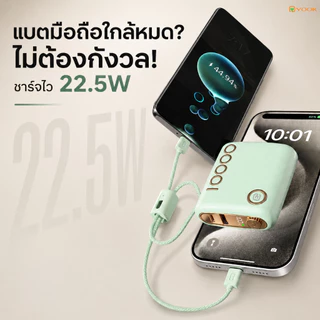 YOOK แบตสำรอง 10000mAh รับรอง CCC แบบพกพา รองรับชาร์จเร็ว 22.5W มีสาย Type-C และ Lightning ในตัว ชาร์จเร็วสองพอร์ต มีหน้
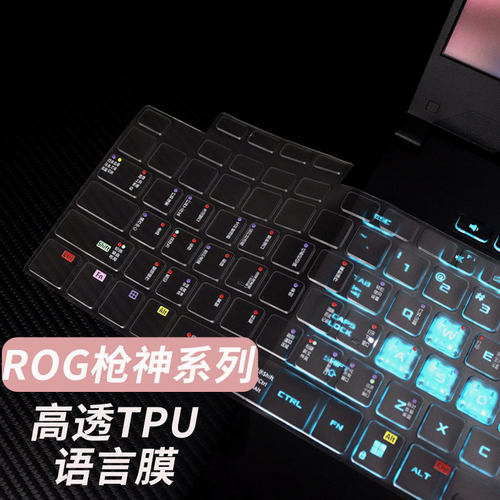 适用于ROG枪神系列定制TPU键盘膜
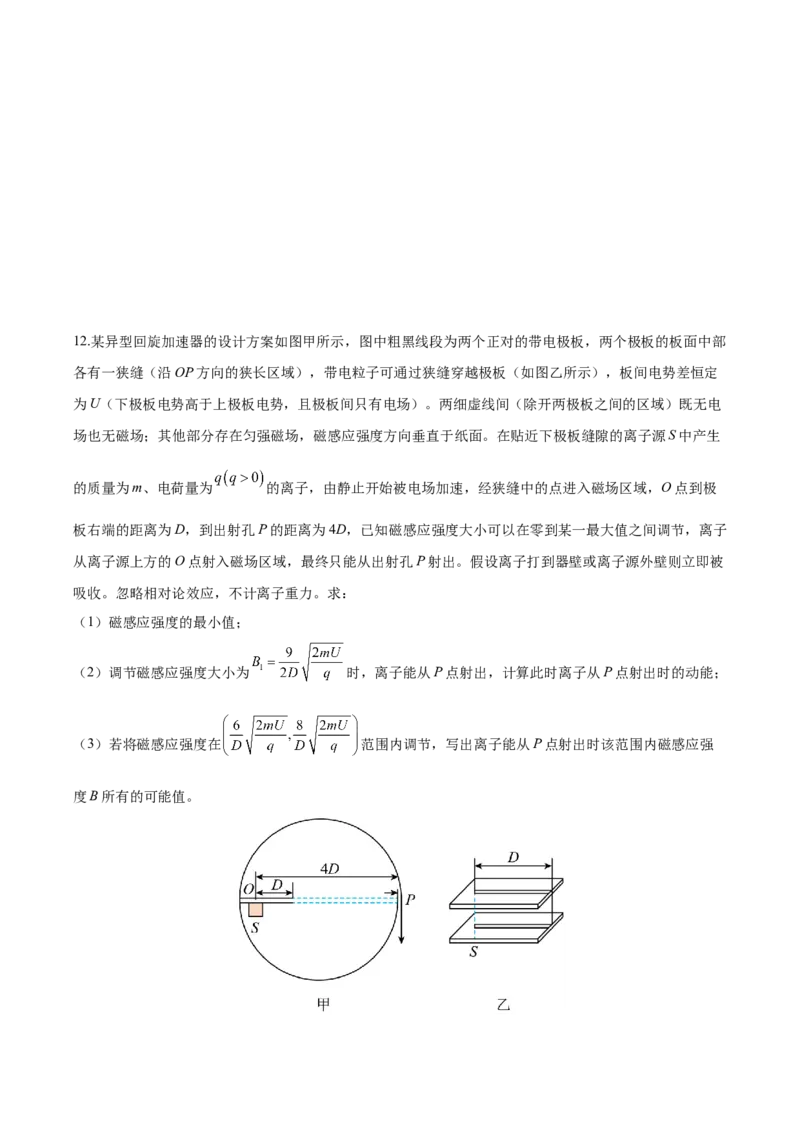 信息必刷卷04（天津专用）（原卷版）_04高考物理_2025年新高考资料_2025考前信息卷_2025年高考物理考前信息必刷卷（天津专用）34449635
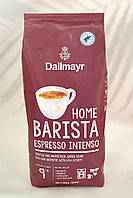 Dallmayr Barista home Espresso Intenso кофе в зернах 1кг Германия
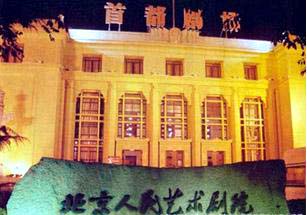 北京人民艺术剧院成立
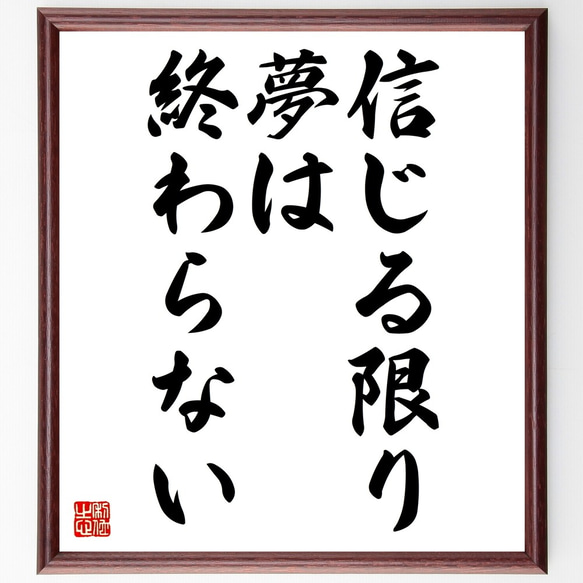 名言「信じる限り、夢は終わらない」額付き書道色紙／受注後直筆（Z9787）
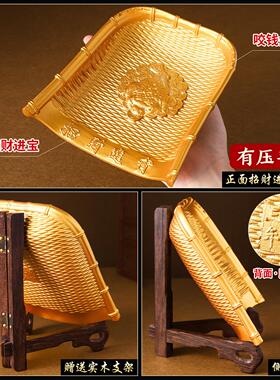 黄铜簸箕咬钱金蟾摆件招财进宝乔迁之喜家居装饰桌面摆件创意礼品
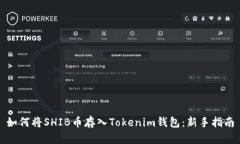 如何将SHIB币存入Tokenim钱包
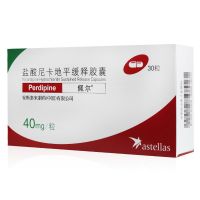 同济堂,盐酸尼卡地平缓释胶囊 (佩尔),40mg*30粒,适用于为原发性高血压。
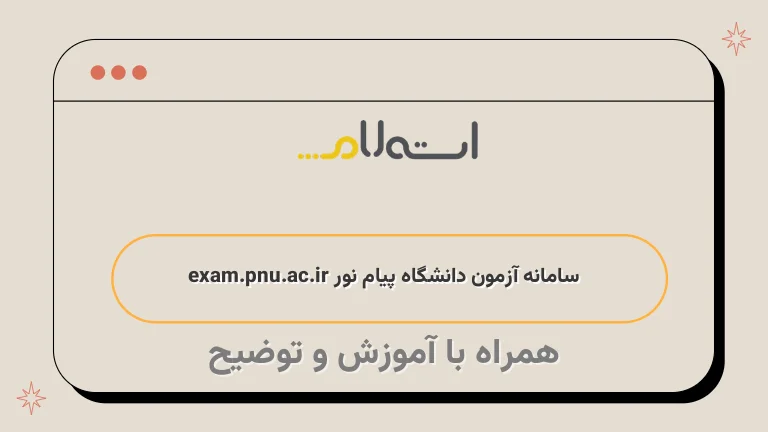 سامانه آزمون دانشگاه پیام نور exam.pnu.ac.ir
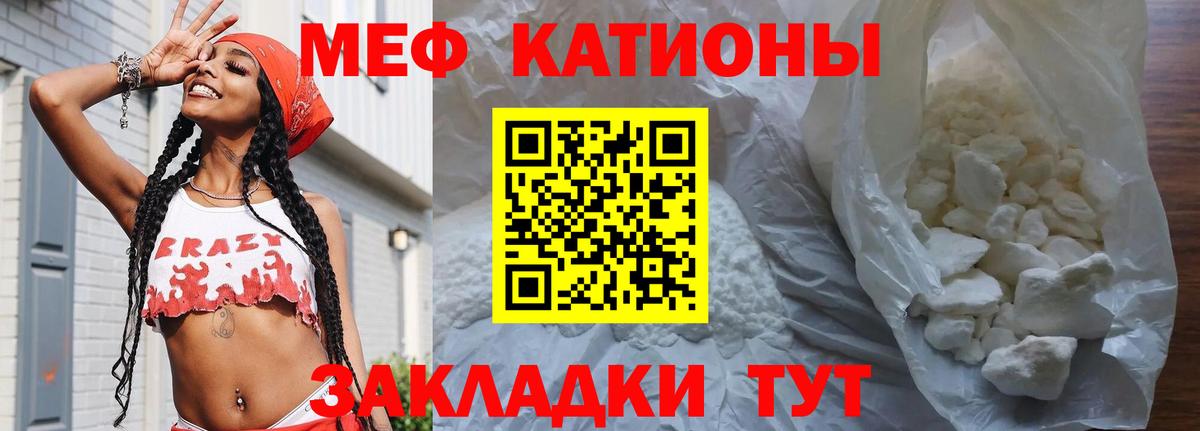 МЕФ кристаллы  МЯУ-МЯУ  Клин  МЯУ-МЯУ мука  Меф  Вход с VPN 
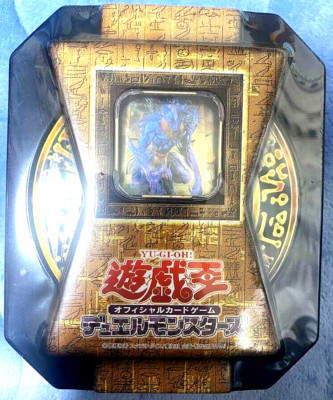 Yugioh Booster Pack Collectors Tin 2005 Japan Japanese NEW Konami DHL-image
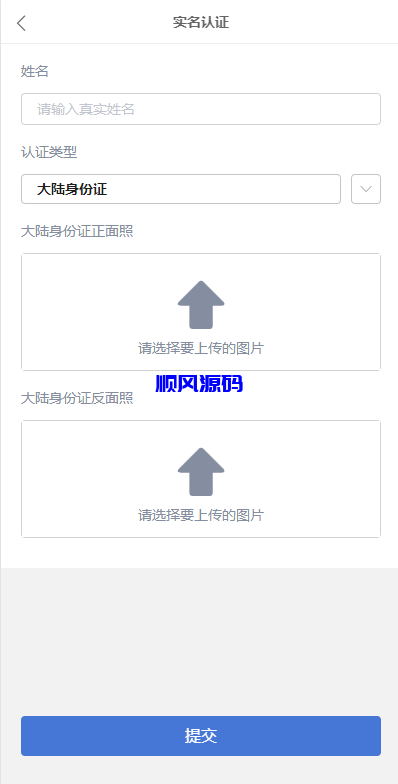 图片[4]-定制版微盘系统/证券交易源码/多语言微交易源码-顺风源码网-精品源码网站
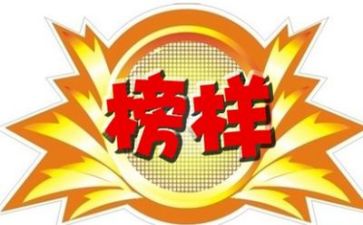 榜样5的心得最新8篇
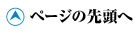 ページ上部へ
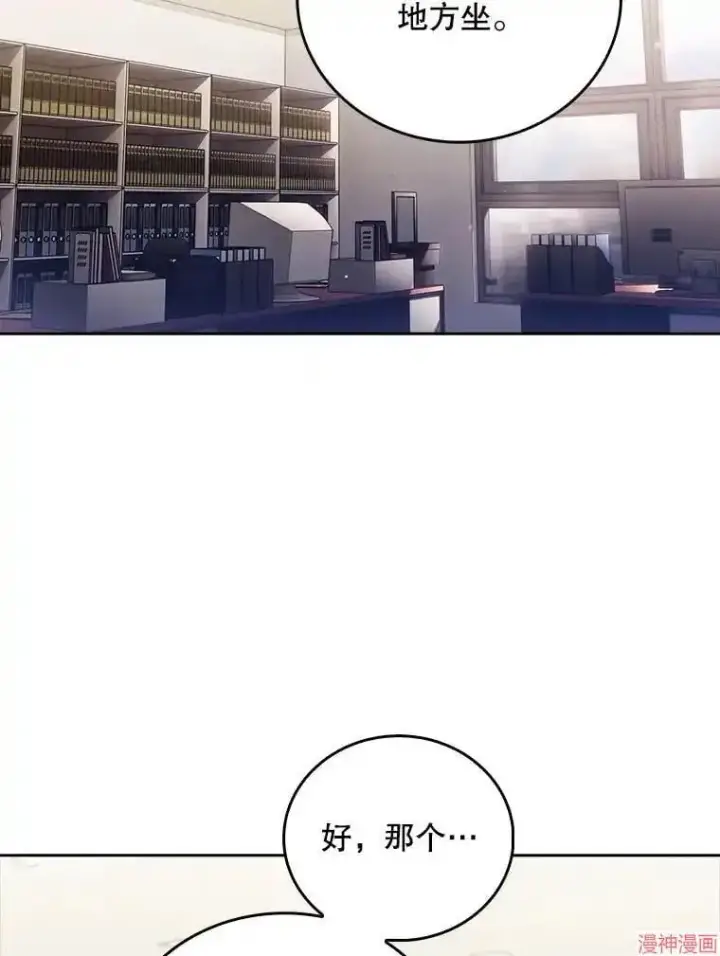 漫画《升级医生崔基石》第43话第57张图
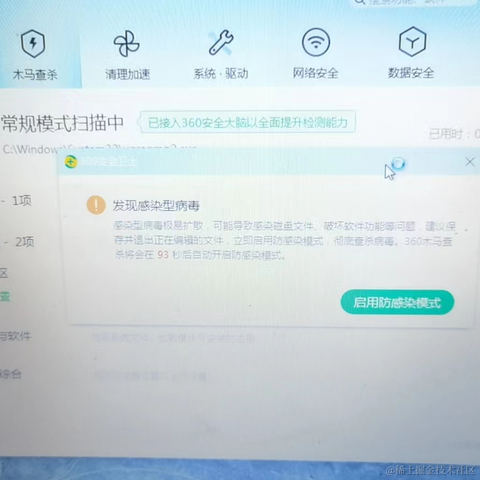 Coca_Cola于2023-01-14 00:05发布的图片
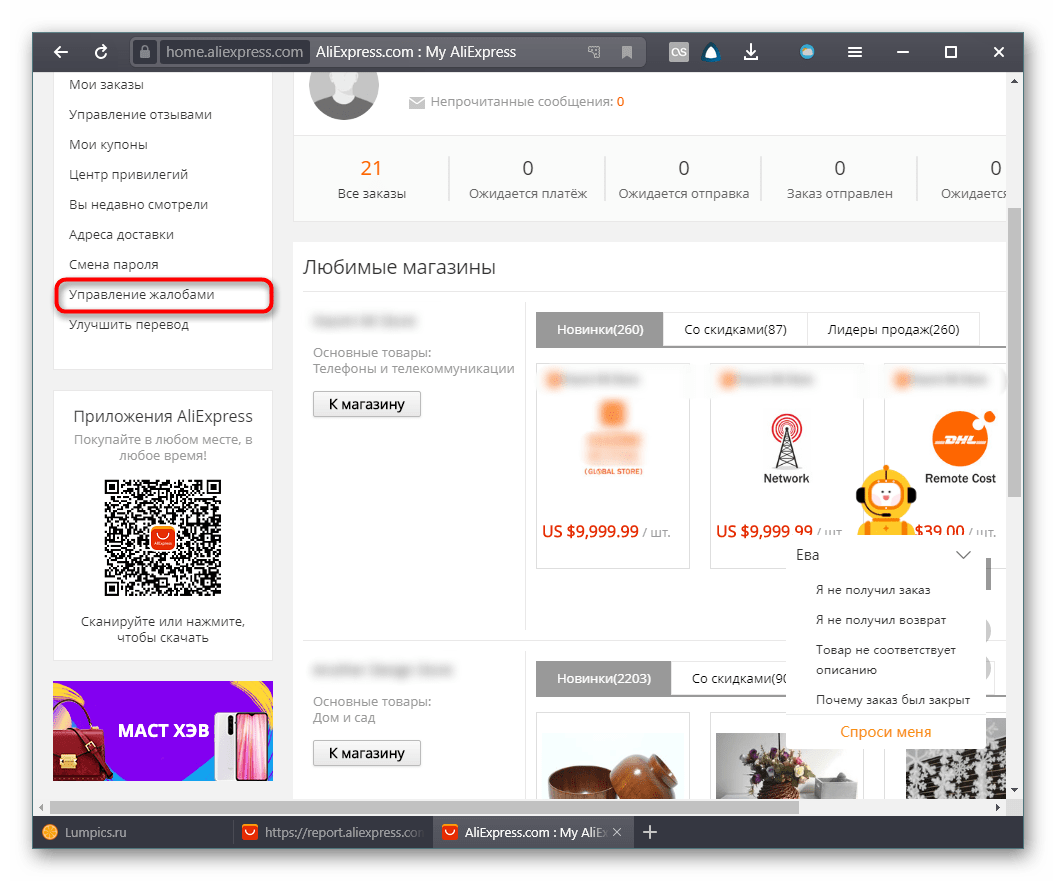 Раздел управления жалобами на сайте AliExpress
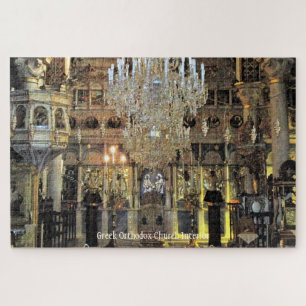 Grieks-orthodoxe Kerk Interior, gepersonaliseerd Legpuzzel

______________________________

# [Task to carry out]
With the pictures set aside, repeat every entry above exactly.

# [Solution to the problem]
 YOOK แบตสำรอง 10000mAh รับรอง CCC แบบพกพา รองรับชาร์จเร็ว 22.5W มีสาย Type-C และ Lightning ในตัว ชาร์จเร็วสองพอร์ต มีหน้
 适用于ROG枪神系列定制TPU键盘膜
 信息必刷卷04（天津专用）（原卷版）_04高考物理_2025年新高考资料_2025考前信息卷_2025年高考物理考前信息必刷卷（天津专用）34449635
 Dallmayr Barista home Espresso Intenso кофе в зернах 1кг Германия
 北京人民艺术剧院成立
 名言「信じる限り、夢は終わらない」額付き書道色紙／受注後直筆（Z9787）
 黄铜簸箕咬钱金蟾摆件招财进宝乔迁之喜家居装饰桌面摆件创意礼品
 如何将SHIB币存入Tokenim钱包
 同济堂,盐酸尼卡地平缓释胶囊 (佩尔),40mg*30粒,适用于为原发性高血压。
 سامانه آزمون دانشگاه پیام نور exam.pnu.ac.ir
 МЕФ кристаллы  МЯУ-МЯУ  Клин  МЯУ-МЯУ мука  Меф  Вход с VPN 
 Yugioh Booster Pack Collectors Tin 2005 Japan Japanese NEW Konami DHL-image
 图片[4]-定制版微盘系统/证券交易源码/多语言微交易源码-顺风源码网-精品源码网站
 榜样5的心得最新8篇
 ページ上部へ
 漫画《升级医生崔基石》第43话第57张图
 Coca_Cola于2023-01-14 00:05发布的图片
 Раздел управления жалобами на сайте AliExpress
 Grieks-orthodoxe Kerk Interior, gepersonaliseerd Legpuzzel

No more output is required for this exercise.